D'autre part, toujours dans cette logique de plateforme, la publicité a permis à des acteurs de tierce partie de faire des bénéfices grâce au dur labeur d'Apple sans lui reverser un centime, à l'inverse des éditeurs de logiciels. La société de Steve Jobs se devait de reprendre la main, et bien que Quattro Wireless soit de moindre importance qu'AdMob, Apple a toutes les cartes en main pour en faire la régie publicitaire de premier plan sur sa plateforme, quitte à jouer des coudes pour y parvenir : comme Apple maîtrise tous les rouages de l'iPhone, de sa fabrication à son OS en passant par l'App Store, elle peut tout à fait favoriser Quattro Wireless et la rendre plus séduisante pour les annonceurs comme pour les développeurs, en mettant à profit toute la technologie dont elle bénéficie. Et il semble bien qu'elle soit déterminée à le faire.

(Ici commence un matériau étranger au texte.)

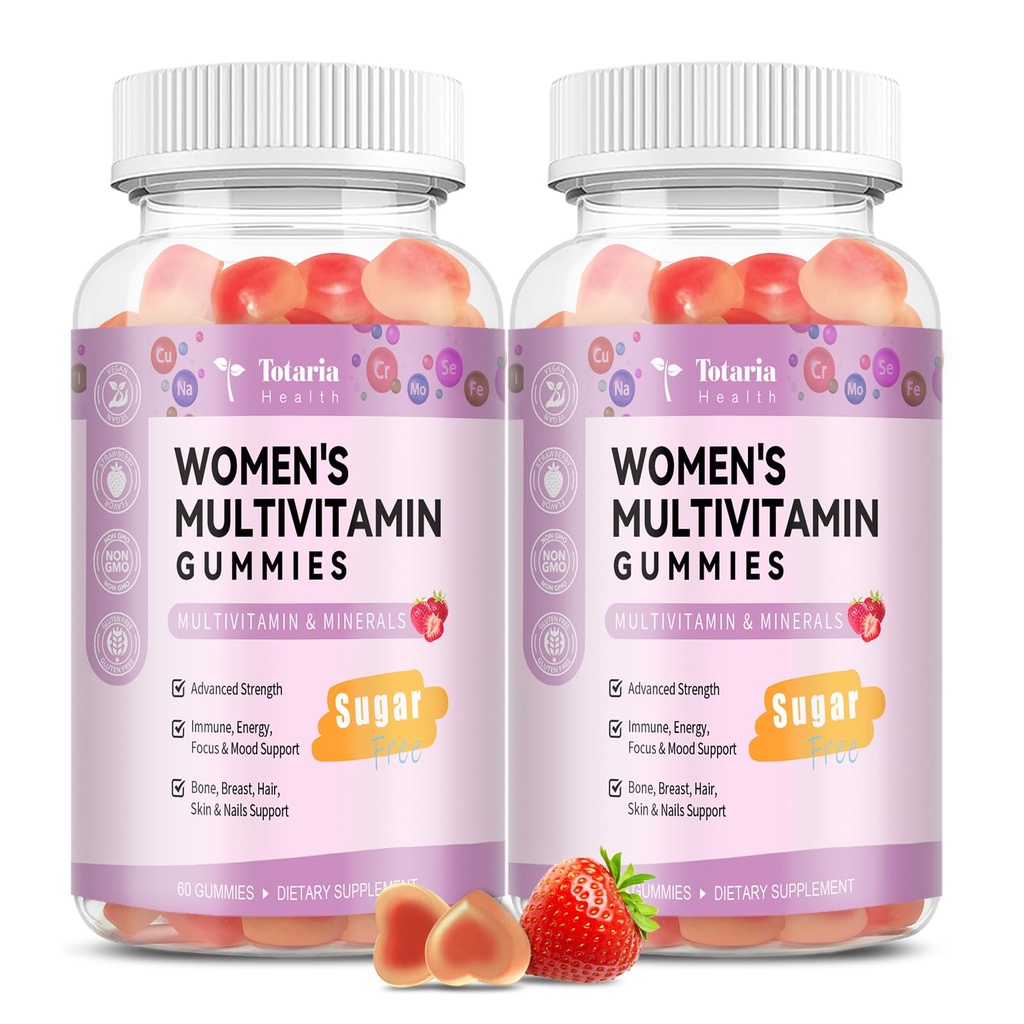 Totaria Gumiaki bezcukrowe wieloskładnikowe dla kobiet 14 + w / Inozytol, Żelazko, Folate, Biotin, Womens Daily Multivitamine Gummy w / Witamina A, D, C, B, Włosy podtrzymujące, Skóra, Energia, Immune, Flavor truskawkowy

Des sources proches de Steve Jobs auraient confié à Business Week que le patron d'Apple avait admis que les publicités mobiles étaient nulles. Minuscules, statiques, on est loin de ce qu'Apple a pu faire pour promouvoir en ligne ses propres produits, en détournant la mise en page de certains sites. Pourtant, en tirant parti des capacités de l'iPhone, il y aurait de quoi faire (voir par exemple Une pub mobile créative). Et la réflexion d'Apple sur ces questions a été initiée il y a semble-t-il quelques temps, puisqu'elle a déposé un brevet dans ce sens en 2008 (voir notre article Apple : un système financé par la pub ?).

La publicité sur mobiles ne représente pour le moment qu'un petit marché, mais il est indubitable que celui-ci est appelé à grandir, avec la plateforme elle-même. Il s'agit d'un cercle vertueux : à mesure que les smartphones seront de plus en plus répandus, ils représenteront un vivier potentiel plus important pour la publicité; inversement, la plateforme qui offre le plus de moyens de gagner de l'argent pour les acteurs tiers sera la plus attractive. Sans compter que ce qu'Apple sait de ses utilisateurs va bien au-delà de leurs seules requêtes dans un moteur de recherche : numéro de téléphone, de carte bleue, goûts musicaux, applications installées, etc. voilà de quoi offrir aux annonceurs un public de rêve pour de la publicité ciblée. Il reste cependant à Apple à se faire une culture publicitaire, ce domaine lui étant jusqu'ici totalement étranger. Espérons qu'elle saura faire preuve de tempérance, car c'est bien connu : trop de pub tue la pub.